Print out all of the records exactly; no picture belongs in the result.

(Data for processing)

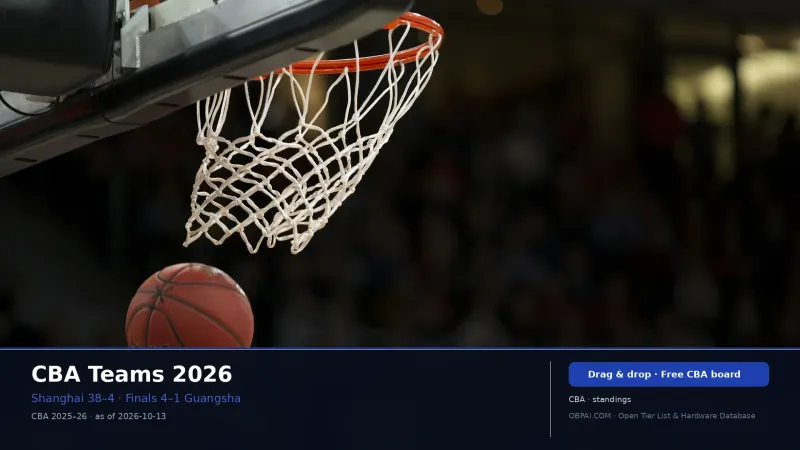 CBA Teams Tier List 2026 - 天梯图与数据榜单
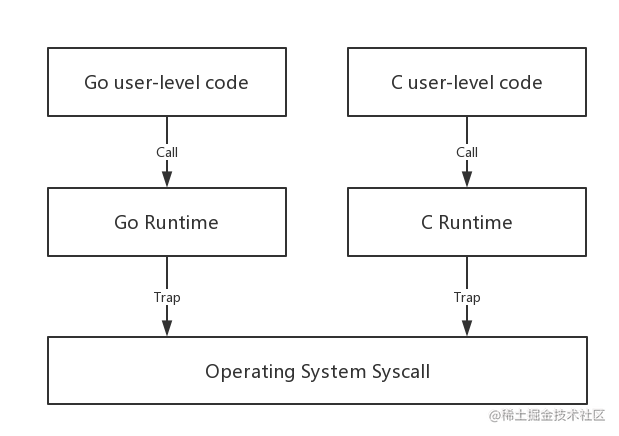 CGO_ENABLED Effect of environment variables on Go static compilation ...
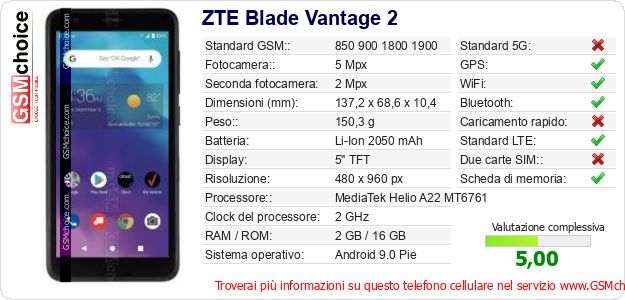 ZTE Blade Vantage 2 Dati tecnici di telefono cellulare 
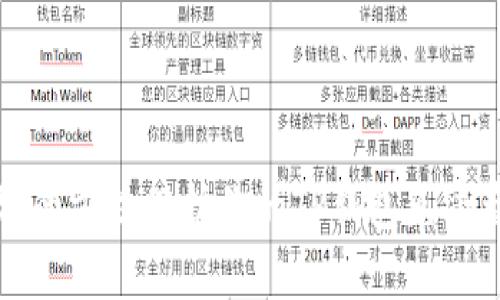 思考如何用最有效的方法保护你的TP钱包免受盗窃
相关关键词:安全方案, 钱包防护, 盗窃防范, 私钥保护
----
如何用最有效的方法保护你的TP钱包免受盗窃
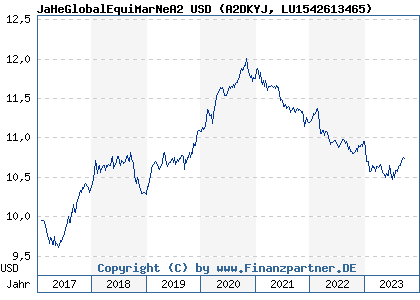 Chart: JaHeGlobalEquiMarNeA2 USD (A2DKYJ LU1542613465)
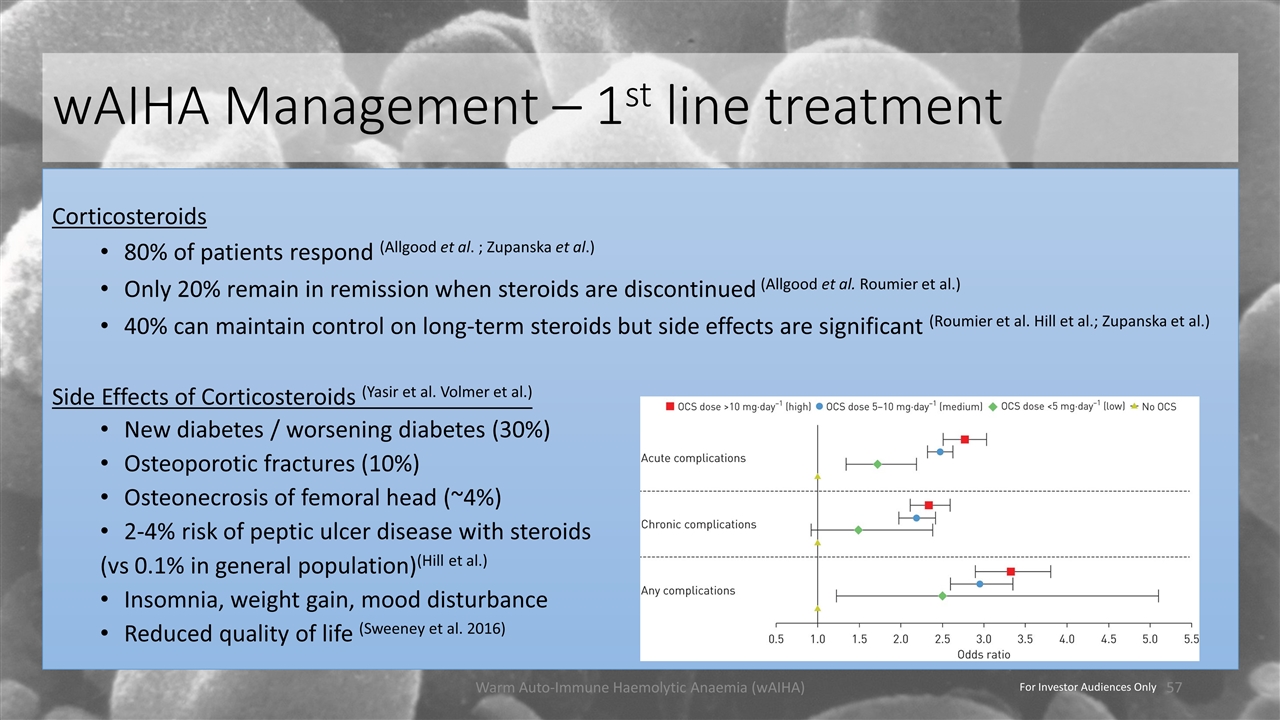 Slide 57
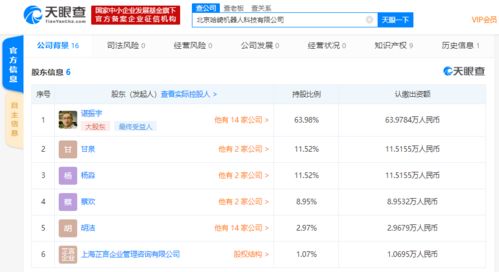 諶振宇離職再創(chuàng)業(yè)，瞄準(zhǔn)機(jī)器人市場 從OTA巨頭到智能硬件的新征程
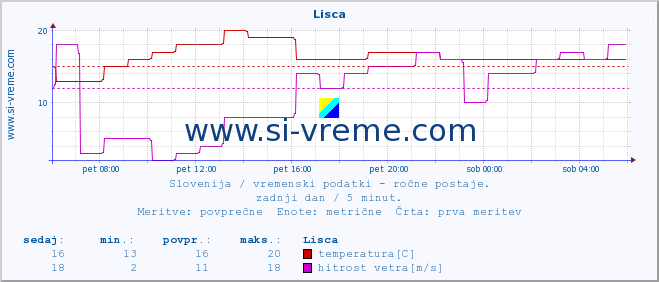 POVPREČJE :: Lisca :: temperatura | vlaga | smer vetra | hitrost vetra | sunki vetra | tlak | padavine | temp. rosišča :: zadnji dan / 5 minut.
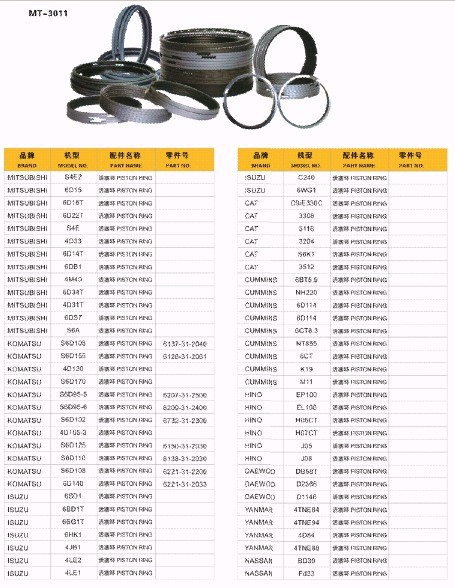 D6BR PISTON RING FOR EXCAVATOR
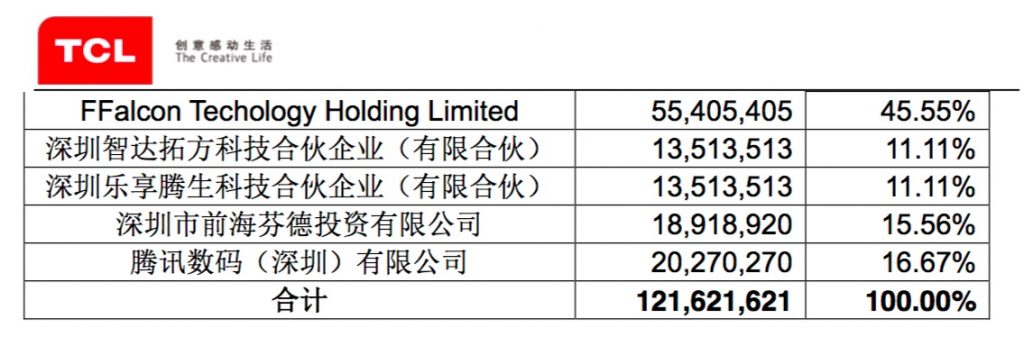 tcl-multimedia-tencent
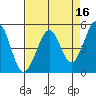 Richmond Harbor tide chart for Thursday, April 16, 2026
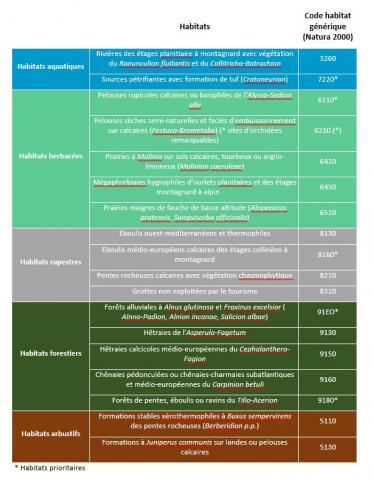 Listing des habitats présents sur le territoire du site Natura 2000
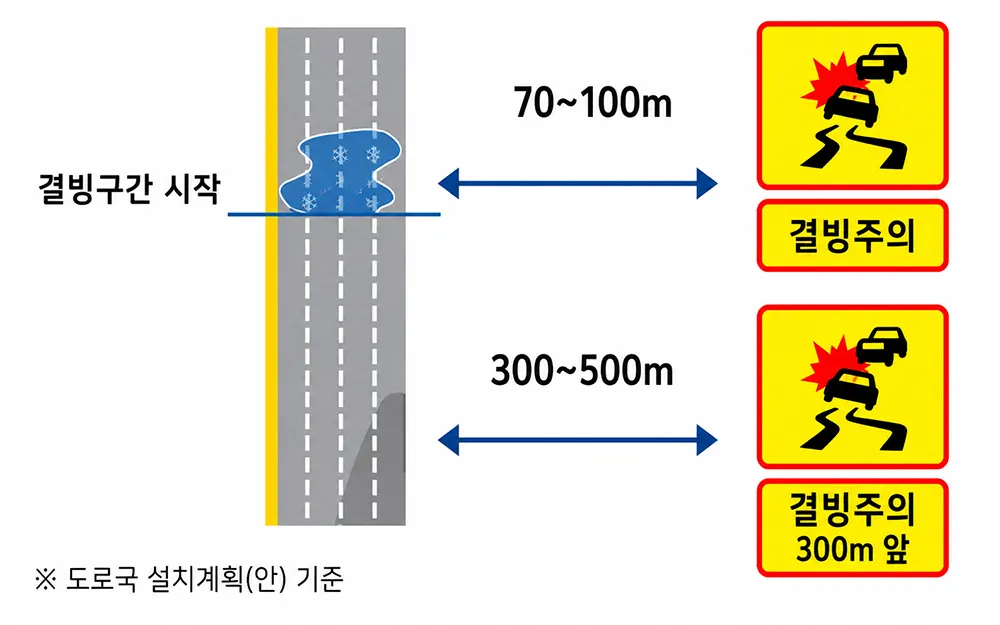 일반국도 결빙주의 표지 설치 개념도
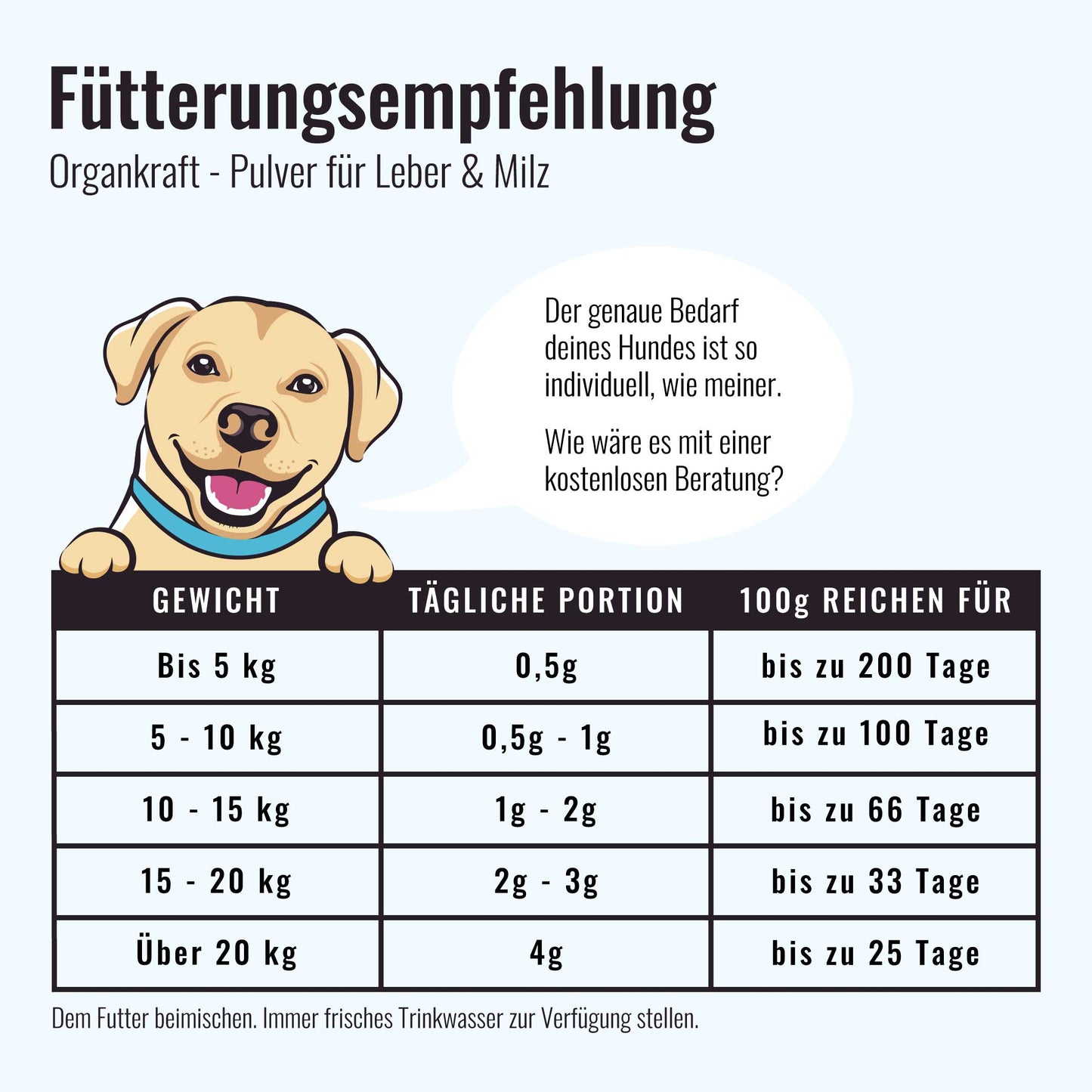 Organkraft - Leber- und Milzpflege leicht gemacht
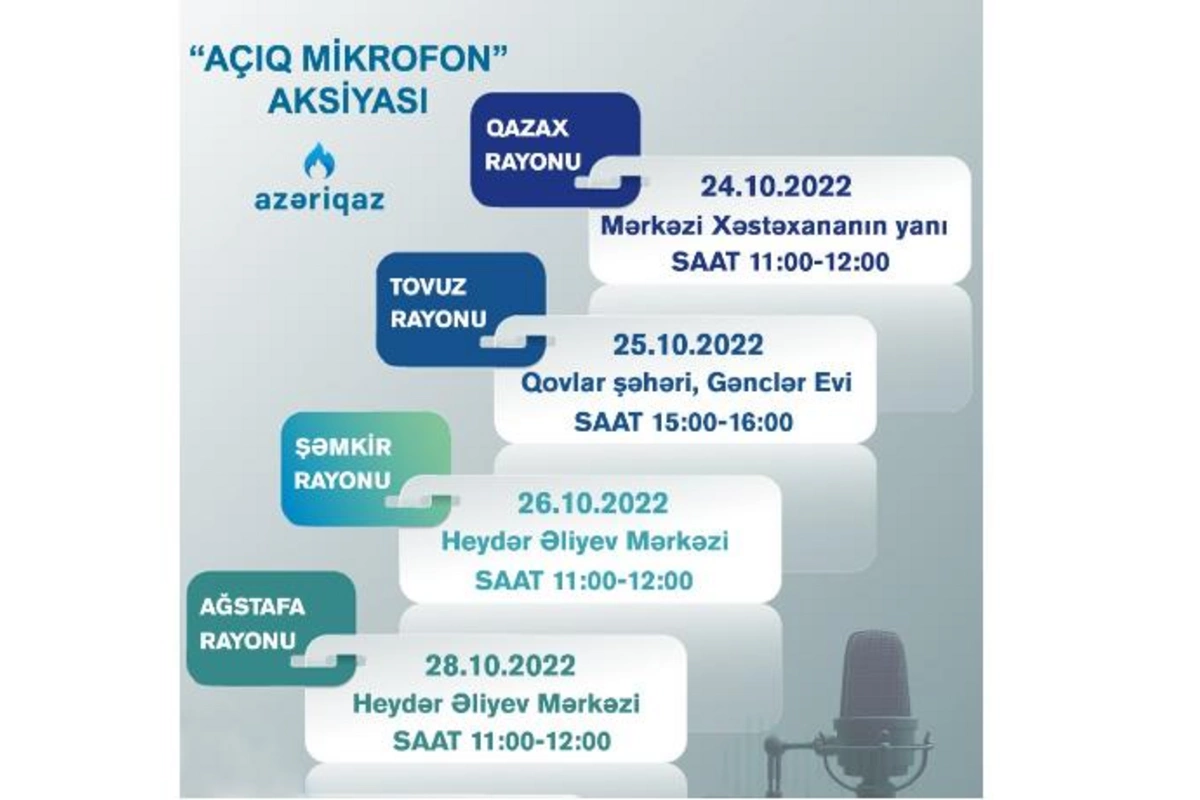 SOCAR Azəriqaz İB-nin Açıq mikrofon aksiyaları davam edir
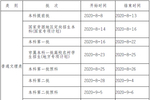 重庆高考录取进程表和征集志愿时间安排表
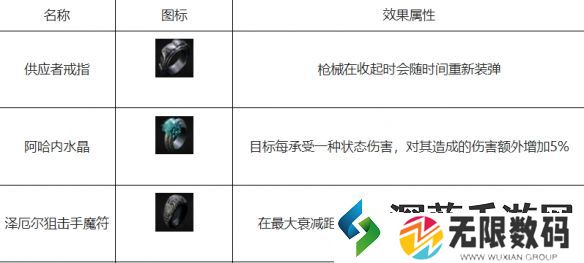 遗迹2阿哈内水晶戒指位置介绍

(End Data for processing)

*Response below*:
 CBA Teams Tier List 2026 - 天梯图与数据榜单
 CGO_ENABLED Effect of environment variables on Go static compilation ...
 ZTE Blade Vantage 2 Dati tecnici di telefono cellulare 
 思考如何用最有效的方法保护你的TP钱包免受盗窃
相关关键词:安全方案, 钱包防护, 盗窃防范, 私钥保护
----
如何用最有效的方法保护你的TP钱包免受盗窃
 Chart: JaHeGlobalEquiMarNeA2 USD (A2DKYJ LU1542613465)
 Slide 57
 諶振宇離職再創(chuàng)業(yè)，瞄準(zhǔn)機(jī)器人市場 從OTA巨頭到智能硬件的新征程
 POVPREČJE :: Lisca :: temperatura | vlaga | smer vetra | hitrost vetra | sunki vetra | tlak | padavine | temp. rosišča :: zadnji dan / 5 minut.
 D6BR PISTON RING FOR EXCAVATOR
 tcl-multimedia-tencent
 Richmond Harbor tide chart for Thursday, April 16, 2026
 Listing des habitats présents sur le territoire du site Natura 2000
 일반국도 결빙주의 표지 설치 개념도
 Organkraft - Leber- und Milzpflege leicht gemacht
 SOCAR Azəriqaz İB-nin Açıq mikrofon aksiyaları davam edir
 重庆高考录取进程表和征集志愿时间安排表
 遗迹2阿哈内水晶戒指位置介绍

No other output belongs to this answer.